Chicken Roasted, with Farro, Sweet Corn and Chanterelles. Astounding! A slice of breast meat glistens on the plate, foretelling its supreme flavor and juiciness. A paper thin sheaf of skin is cracklingly crisp. No doubt, the bird was cooked sous-vide, then finished in the oven. Kevin carefully spoons some chicken gravy around the meat, the sauce’s deliciousness further enhancing the meat’s superb flavor. The farro, corn and mushroom mixture is dynamite. But there’s more! A little bowl contains a delectable combination of dark meat, corn, sage, and chicken gravy enriched with cream. We’re swooning!


We do have room for a cheese course: Sheep’s Milk. On the plate are Brebis Blanche, Summer Snow, Ben Nevis , and Sheep Ricotta, accompanied by Corn Pain Perdu, Tomato and Ham. I like my cheeses mild. These are. The tomatoes, sundried and fresh cherries, are sweet. The ham provides some saltiness. The pain perdue with its intense corn flavor is wonderful, a welcome change from the usual breads that accompany cheese.

Sheep's Milk

The Egg Cream cart is wheeled over. Since the egg cream was introduced as the pre-dessert, we’ve had it many times. Malted milk, a touch of olive oil, and siphon seltzer. Although it departs from the classic, it’s totally satisfying.

Egg Cream

We’ve both decided to have the same dessert: Chocolate, Gianduja with Hazelnut Espresso and Caramel. It’s new. Chocolate desserts can sometimes be too sweet, but this one is just right. Anchoring the plate is a chocolate-covered hazelnut “candy bar.”  To one side, espresso-flavored  mousse; on the other side, a quenelle of hazelnut ice cream. Yum!


Mignardises close the meal. M enjoys a cup of Matcha Tea which is prepared tableside. It has been, as usual, a truly splendid lunch. So silly of me to have thought for even a split second that Chef Humm — a seasonally-oriented chef if ever there was one — would not include the wondrous crops of summer. We relax at our table for a while and watch the staff begin to prep for dinner service.

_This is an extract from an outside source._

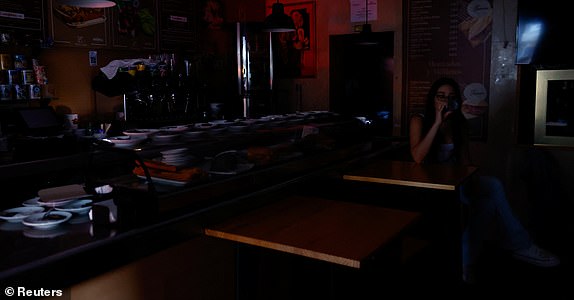 A woman has a drink in the dark inside a bar with outside light coming in through the door during a nationwide power outage in Madrid, Spain, April 28, 2025. The red glow is from a traffic light that recently came back on. REUTERS/Susana Vera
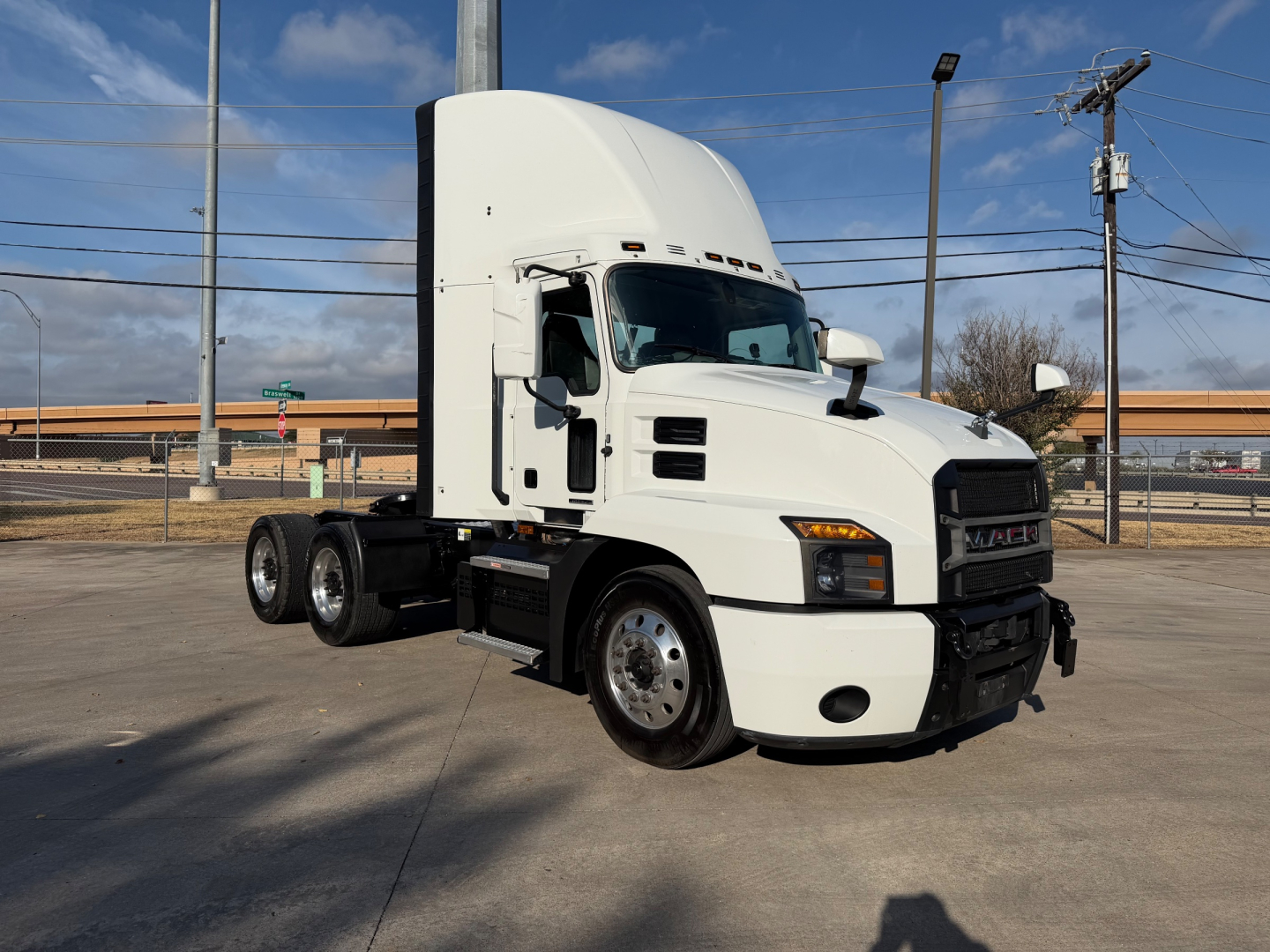 White Mack ANTHEM tractor with sleeper cab, front view, showing no visible text on side; truck sits on lot with power poles and fence in background.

M decides he’d like a Jack Daniels, so we head over to the bar and take seats on the far right side. Looking across the room and through the immense windows, we see that it is raining — hard. M sips his “Uncle Jack.” One of the bartenders brings us some munchies: olives, peanuts and, best of all, the fabulous homemade gaufrettes. Head Bartender Leo Robitschek comes over to say hello. He points to a gorgeous round glass plate designed by Riedel displayed on a shelf behind us. Ah, yet another award! We congratulate Leo on EMP winning Best Restaurant Bar in the 5th Annual Spirit Awards “Tales of the Cocktail,” in New Orleans.

Eleven Madison Park

M finishes his drink. Looking out again through the windows, we see that the rain has stopped. Time to go. At the front desk, I reclaim my umbrella and a bag containing EMP’s take-home gift – jars of the wonderful made in-house granola. We bid farewell to the lovely ladies at reception. Stepping through the revolving doors, we leave the tranquil oasis of EMP and return to the real world.